Laura Laurenzi, la Repubblica 20/4/2013, 20 aprile 2013
“COSÌ CREO UNO STILE SU MISURA”
Eccolo l’ambasciatore del marchio, Patrick-Louis Vuitton. Quinta generazione, 61 anni, schivo, nemico delle interviste, è seduto nel salotto del villino liberty, la casa storica della dinastia Vuitton, ad Asnières, alle porte di Parigi. È il responsabile del settore più esclusivo di una maison che rappresenta il non plus ultra del lusso: il “su misura”. Attraversi il giardino e scopri la fabbrica: è da qui che escono bauli, armadi viaggianti come quelli dell’imperatrice Eugenia, cappelliere, lo scrittoio portatile di Hemingway, il porta vestiti per le bambole con cui giocava Elisabetta ben prima di diventare regina e altre borse e valigie anomale e fuori serie.
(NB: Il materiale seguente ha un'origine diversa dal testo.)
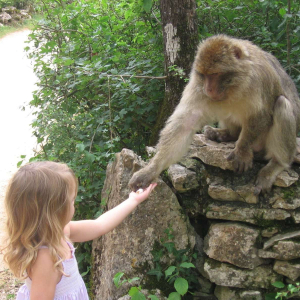 발리 커피 농장 + 우붓 데이투어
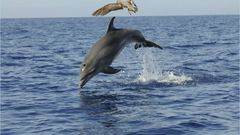 Einzigartige Tierwelt entlang der Kanaren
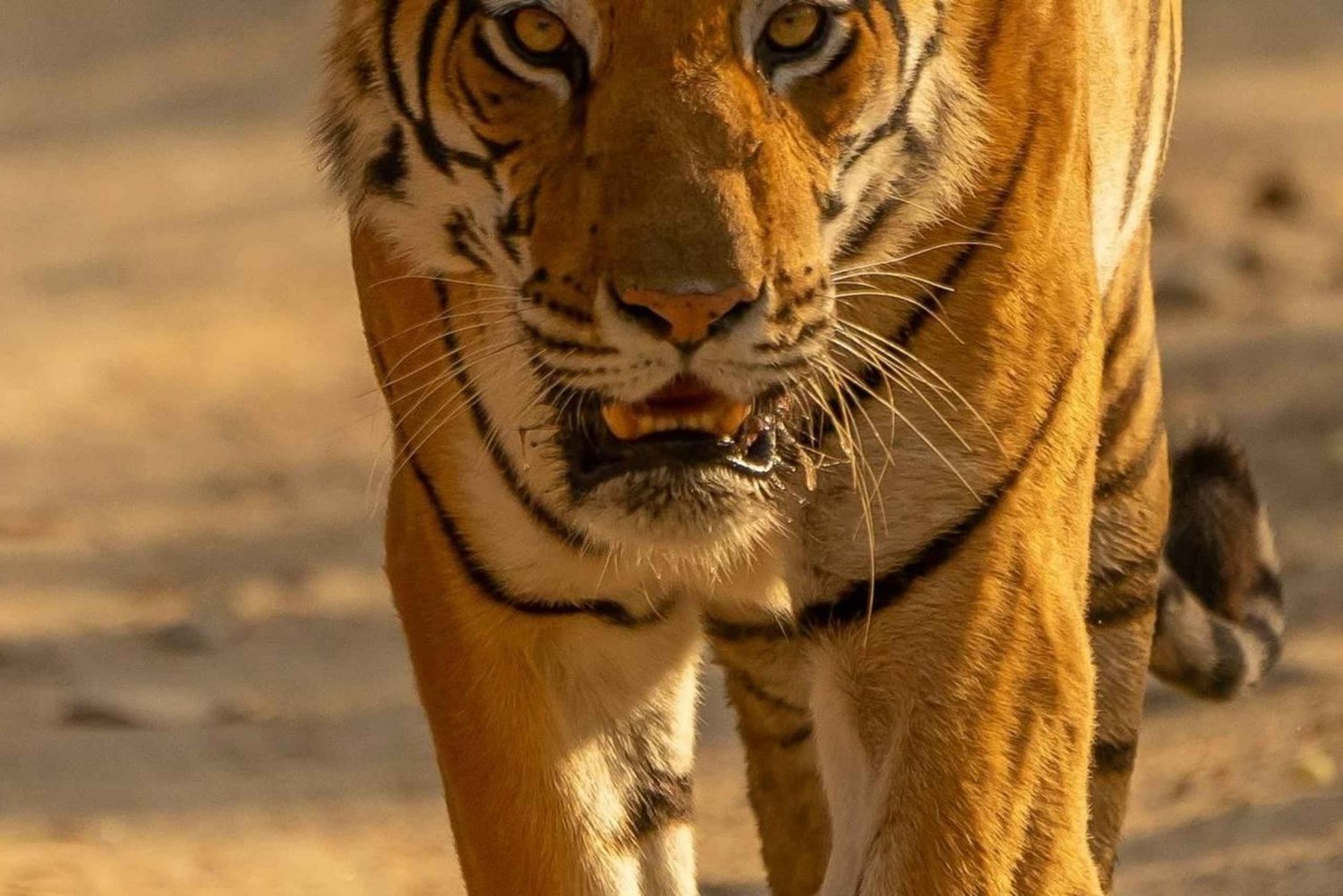 デリーからマディヤ・プラデーシュ州までの8日間のプライベート野生動物ツアー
Lo incontriamo alla vigilia dell’apertura della Maison Louis Vuitton a Venezia, «città simbolo stesso del viaggio e dell’apertura ad altri mondi », come la definisce Patrick.
Davvero oggi c’è ancora gente che si fa fare bauli o valigie speciali su misura?
«Oggi come cent’anni fa: il loro numero è quasi uguale, una media di 400 commande speciale l’anno: un’enormità».
Qual è a suo parere la valigia ideale?
«Quella che ha le dimensioni giuste per contenere esattamente tutto ciò di cui si ha bisogno, e per proteggerlo».
Una valigia robusta però tende ad essere troppo pesante.
«Più rendi leggero un bagaglio più lo rendi fragile. Il dilemma è scegliere fra solidità e leggerezza. Io preferisco sempre la solidità. Comunque negli ultimi 40 anni abbiamo fatto passi da gigante nella ricerca di nuovi materiali».
Qual è la sua definizione del lusso?
«È un concetto altamente soggettivo. Per me il vero lusso è il tempo. Stare seduti nella terrazza di un ristorante a Venezia a contemplare il paesaggio».
Cosa rappresenta il vostro nuovo spazio a Venezia?
«Con i suoi programmi di mostre, la Maison Louis Vuitton Venezia è un omaggio dovuto alla città d’arte per eccellenza».
In che misura risentite della crisi?
«Abbiamo una statura internazionale, con 460 negozi sparsi nel mondo. La crisi non investe tutti i Paesi. E comunque in momenti difficili c’è la tendenza ad acquistare oggetti di lusso. Sono vissuti come bene rifugio».
Come spiega che sia nelle valigie che nelle borse continua ad andare per la maggiore la tela con il monogramma LV?
«Perché evoca più di ogni altra cosa il nostro marchio: tradizione e innovazione».
Sono anche le borse più contraffatte.
«La contraffazione esiste in tanti settori: la gioielleria, l’abbigliamento, i motori, persino i farmaci. Noi alla contraffazione abbiamo dichiarato una guerra totale. Contraffazione significa denaro sporco, riciclaggio, sfruttamento, spaccio di droga, terrorismo ».
Che lavoro le sarebbe piaciuto fare se non fosse stato l’erede della dinastia Vuitton?
«Il veterinario di campagna. Ho anche studiato un po’ la materia e sono io a curare i 130 cani da caccia e la quarantina di cavalli che ho nella nostra tenuta nella zona di Sologne, un centinaio di chilometri a sud di Parigi».
Rappresentare la quinta generazione del casato è più una responsabilità o più un privilegio?
«Mentirei se dicessi che non è una cosa gradevole. Ma comporta anche un grosso carico di responsabilità: nel senso che ho l’obbligo di fare uscire dai nostri atelier un prodotto che sia all’altezza, se non migliore, di quello creato con fatica da mio padre, da mio nonno, dal mio bisnonno, dal nonno di mio nonno Louis Vuitton».